Depuis le début le 1er octobre de manifestations contre le pouvoir à Bagdad et son parrain iranien, il y a bien eu des sit-ins et des blocages de routes dans le sud pétrolier, notamment celles menant aux champs de Nassiriya, Garraf et Soubba.
Les manifestants ont également coupé un temps la route aux employés du port de Khor al-Zoubeir, uniquement le matin. Mais les équipes ont modifié leurs horaires de rotation, indiquent à l'AFP des employés et responsables du secteur.
Seul un champ, Qayyara, dans le nord, où aucune manifestation n'a eu lieu, a été réellement impacté. Durant plusieurs jours, ses camions n'ont pas pu rallier le sud. Mais sa production s'élève seulement à 30.000 barils par jour, une goutte dans les 3,6 millions de barils exportés chaque jour en moyenne par l'Irak.
Et ce chiffre n'a quasiment pas varié, avec respectivement 3,4 et 3,5 millions en octobre et novembre.
Certes, "la situation est périlleuse, mais elle est encore sous contrôle", affirme à l'AFP Ruba Husari, experte du pétrole irakien.
Pourquoi un si faible impact?
L'industrie pétrolière irakienne repose sur des champs, des raffineries et des plateformes d'exportation en mer qui, tous, "ont un faible degré de vulnérabilité" face à des troubles venus de l'extérieur, explique Mme Husari.
Les champs sont des îlots de production qui peuvent survivre en autosuffisance.
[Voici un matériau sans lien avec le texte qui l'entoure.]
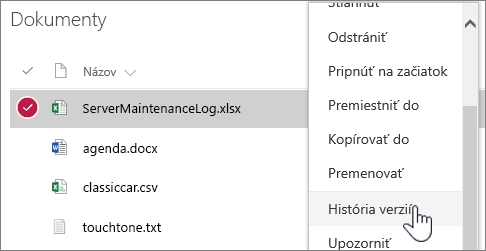 Ponuka pravého tlačidla myši knižnice dokumentov so zvýraznenou položkou História verzií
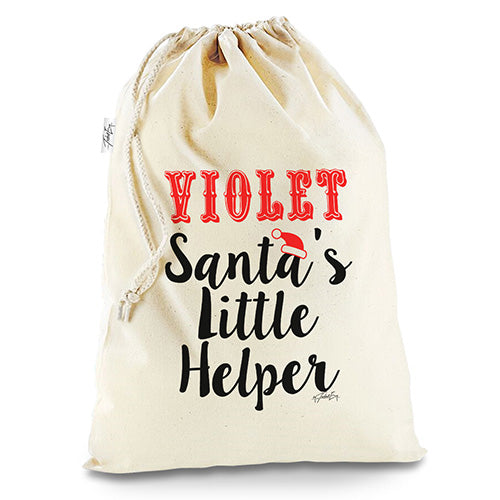 Personalised Santa's Little Helper White Santa Sack Christmas Stocking Gift Bag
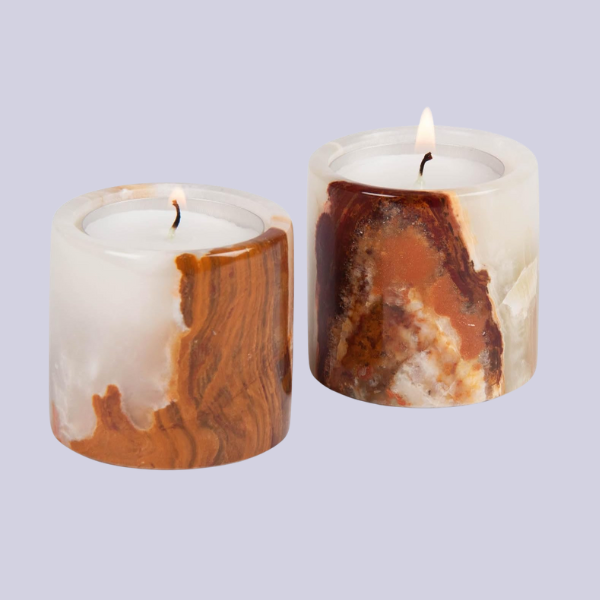 British Fossils, Set of 2 Onyx Marble Tea Light Holders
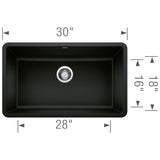 Blanco Precis 30" Undermount Granite Composite Kitchen Sink, Silgranit, Coal Black, 442931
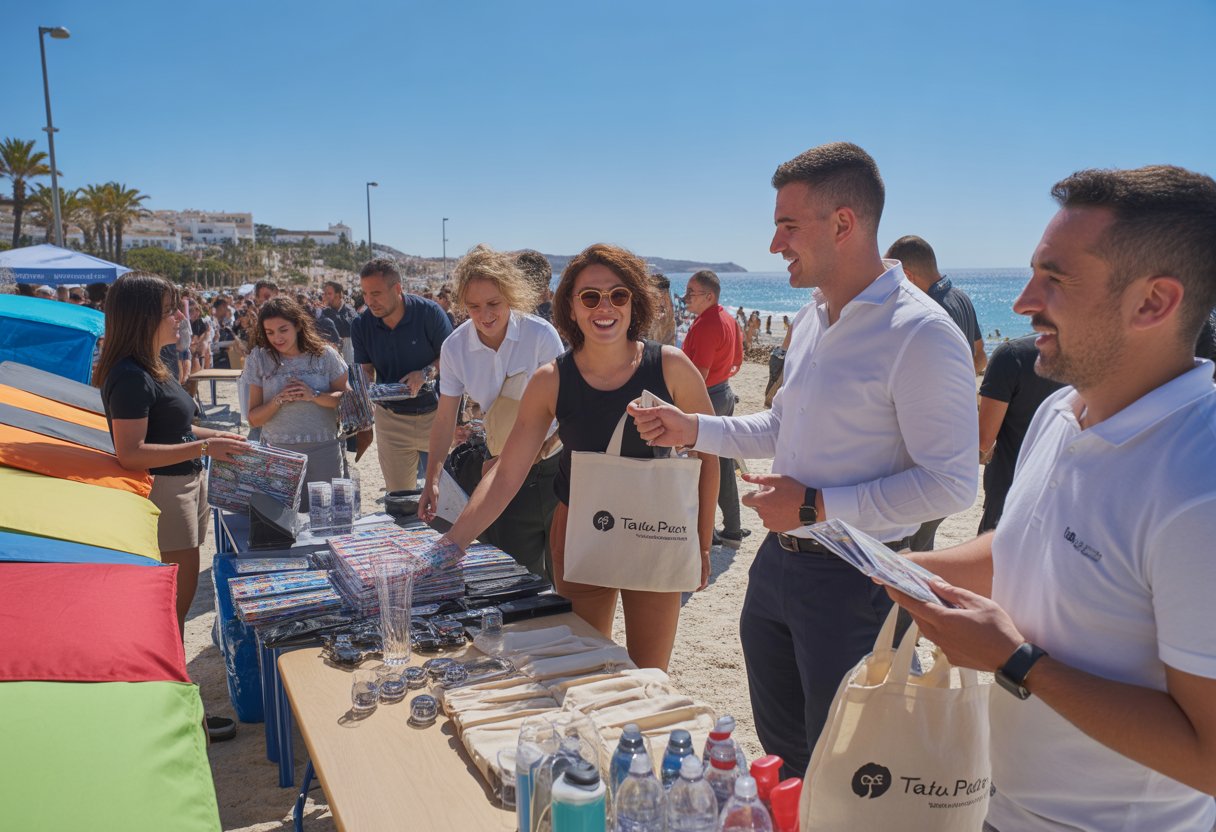People enjoying a giveaway event outdoors near the beach with tables of promotional items and the ocean in the background.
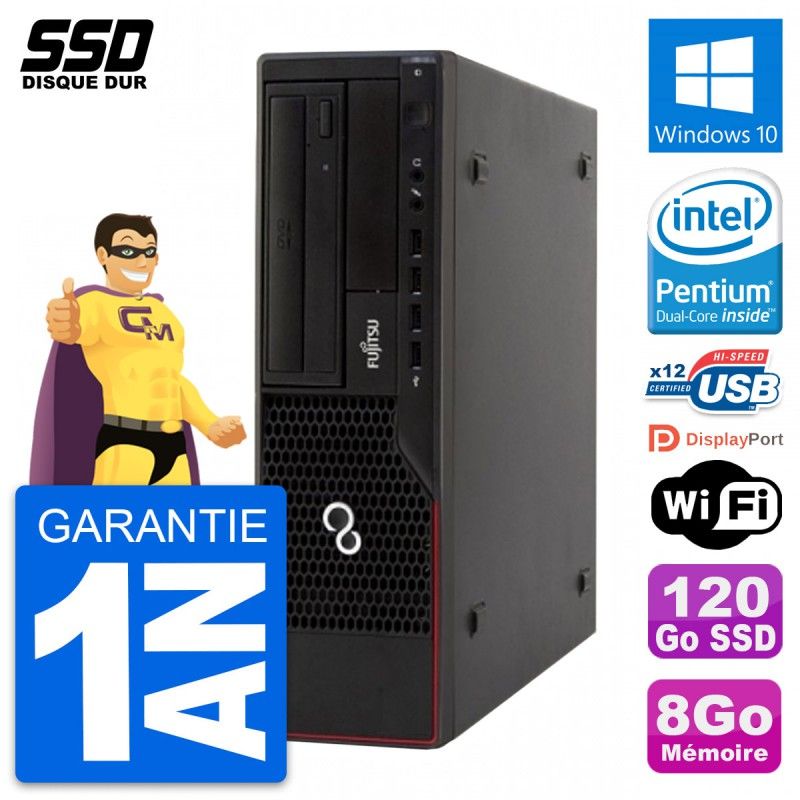 Fujitsu Esprimo E910 DT Computer - Intel G630, 8GB RAM, 120GB SSD, Windows 10, WiFi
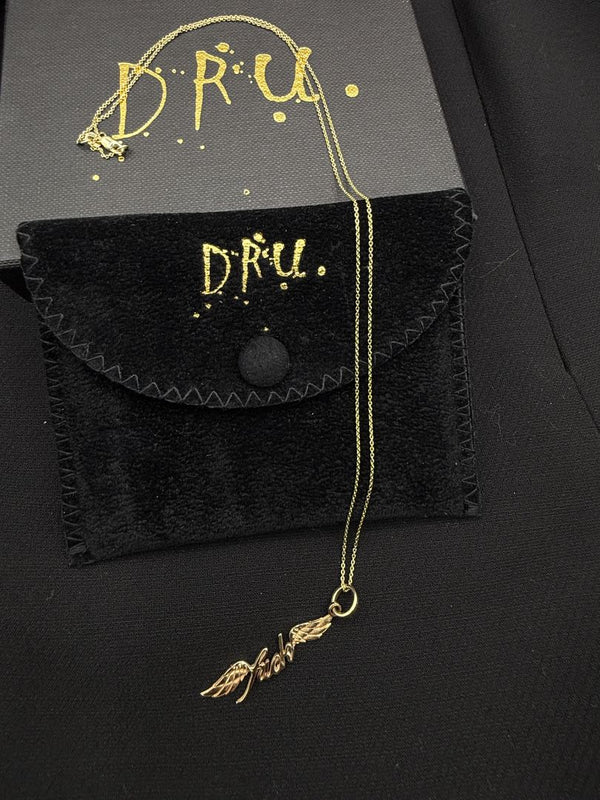 DRU “Flying Fuck” Winged Script Necklace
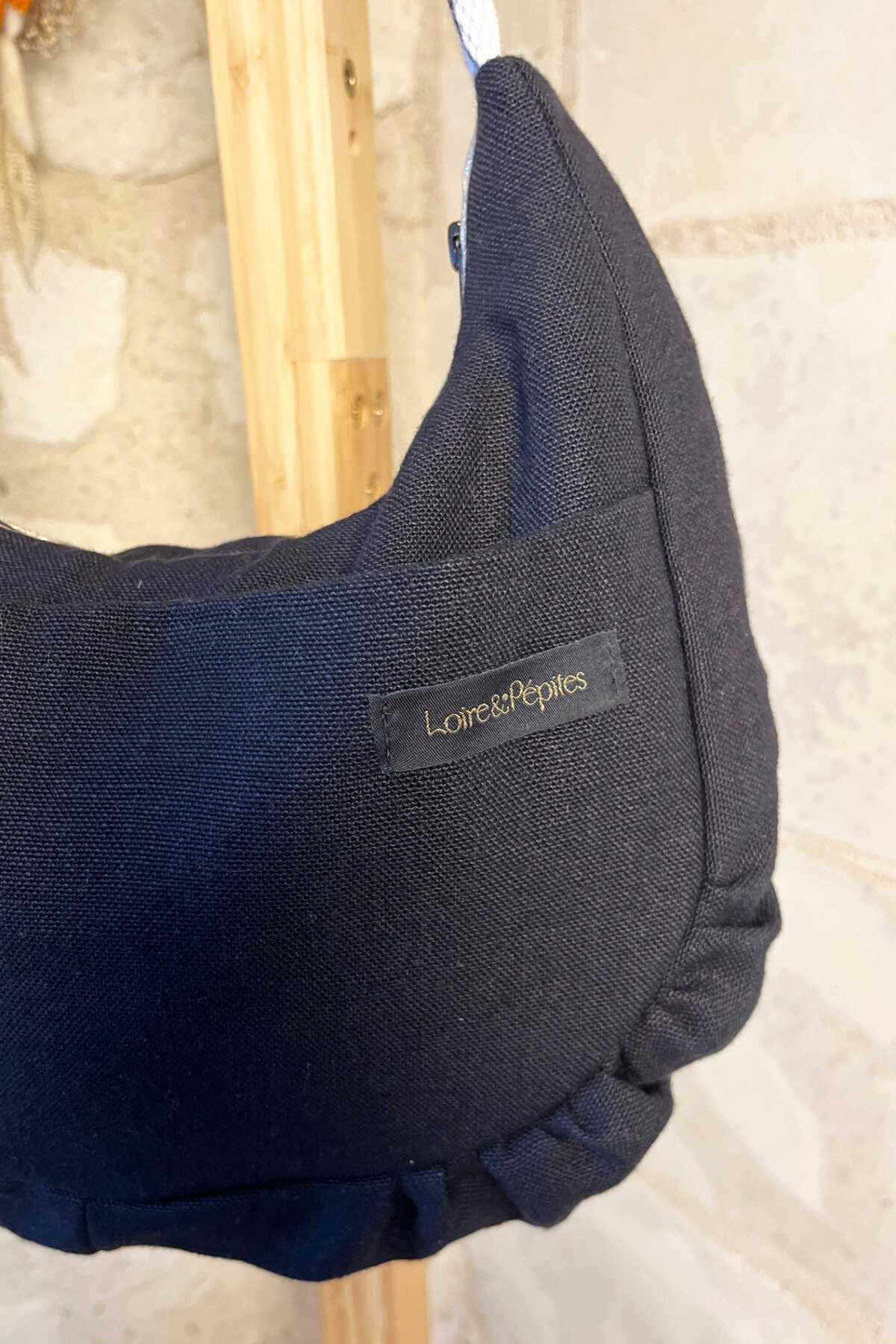 SAC BANDOULIERE –  froncé – Lin noir
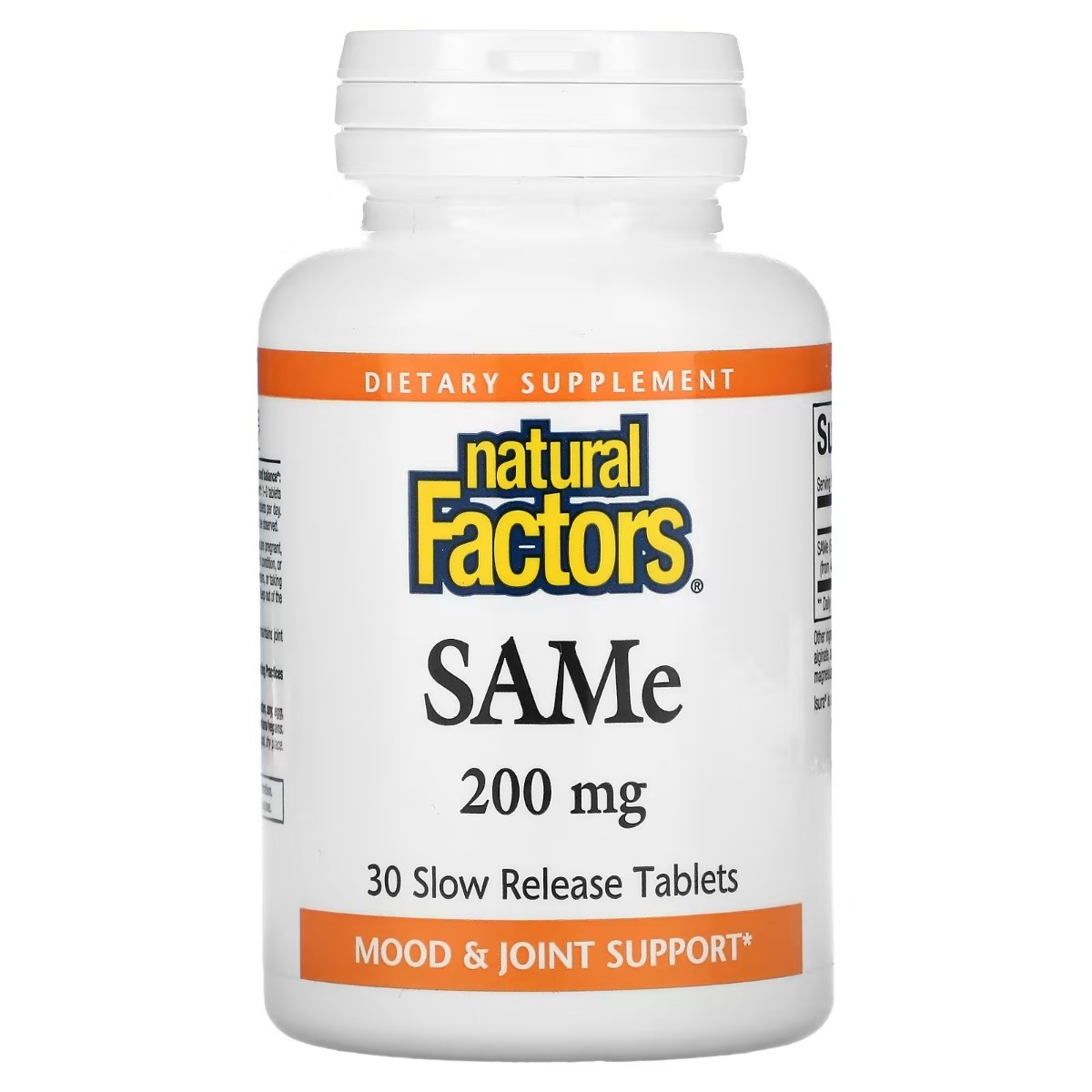 SAM-e (дисульфат тозилат) повільного вивільнення, 200 мг, SAMe (Disulfate Tosylate), Natural Factors, 30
De nombreuses raffineries se trouvent dans le nord, qui n'a pas été touché par la révolte. Et les exportations se font majoritairement par oléoducs et non par la route.
En outre, le ministère du Pétrole a des réserves pour alimenter la consommation locale et les forces de l'ordre ont mené plusieurs dispersions meurtrières aux portes des installations pétrolières ou des ports.
Enfin, "les employés du secteur pétrolier sont les fonctionnaires les mieux payés d'Irak", et ils sont moins réactifs aux appels à la grève, suivis par les enseignants ou encore les ingénieurs, note Ruba Husari.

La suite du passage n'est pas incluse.